Your copy begins at the line with "新疆旅游：[1]春天去哪儿" and runs through the end of the data below. Set down only those lines exactly, without pictures.

* **RECORDED INFORMATION**
━━━━━━━━━━━━━━━━━━━━

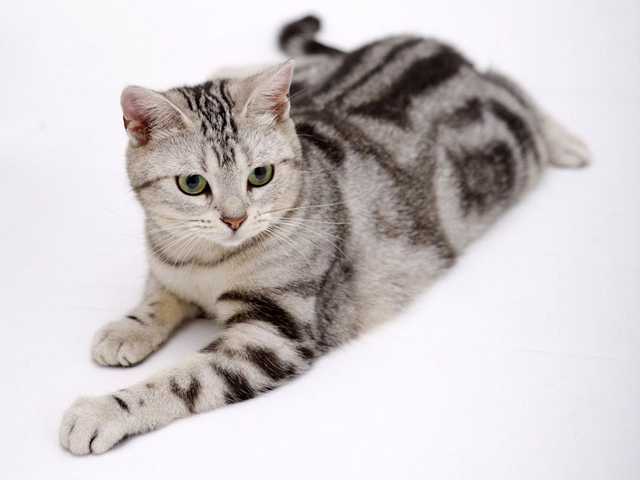 Photo of Ginger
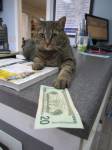 159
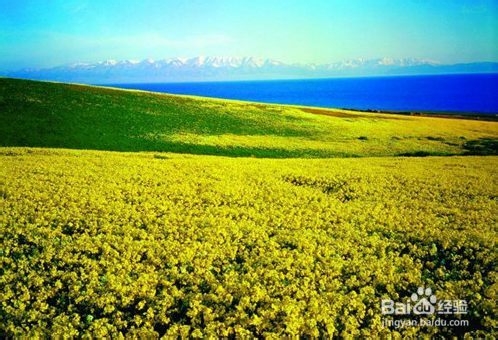 新疆旅游：[1]春天去哪儿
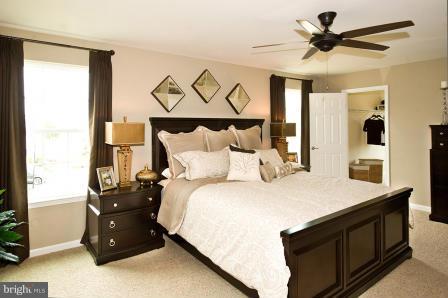 5642 Country Farm Road White Marsh, MD 21162 - Photo 14 of 21 Bedroom (Master)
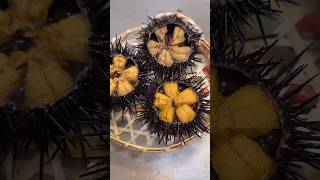 【ウニ丼】豊洲直送の気仙沼ムラサキウニ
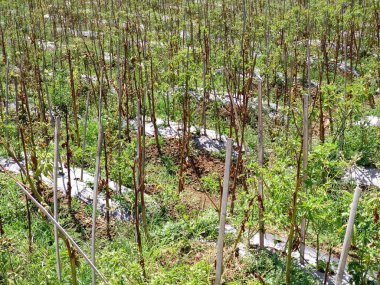 panoramic view of the beautiful mountain plantation area at the foot of Mount Sindoro, Temanggung clipart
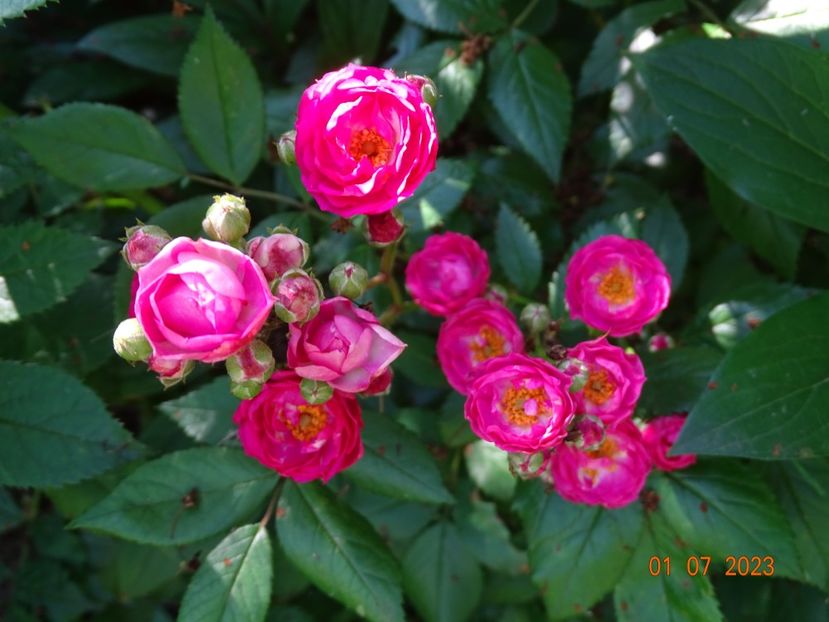  - Trandafiri 2023 2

━━━━━━━━━━━━━━━━━━━━

* **OUTPUT OF THE TASK**
 新疆旅游：[1]春天去哪儿
 5642 Country Farm Road White Marsh, MD 21162 - Photo 14 of 21 Bedroom (Master)
 【ウニ丼】豊洲直送の気仙沼ムラサキウニ
 panoramic view of the beautiful mountain plantation area at the foot of Mount Sindoro, Temanggung clipart
  - Trandafiri 2023 2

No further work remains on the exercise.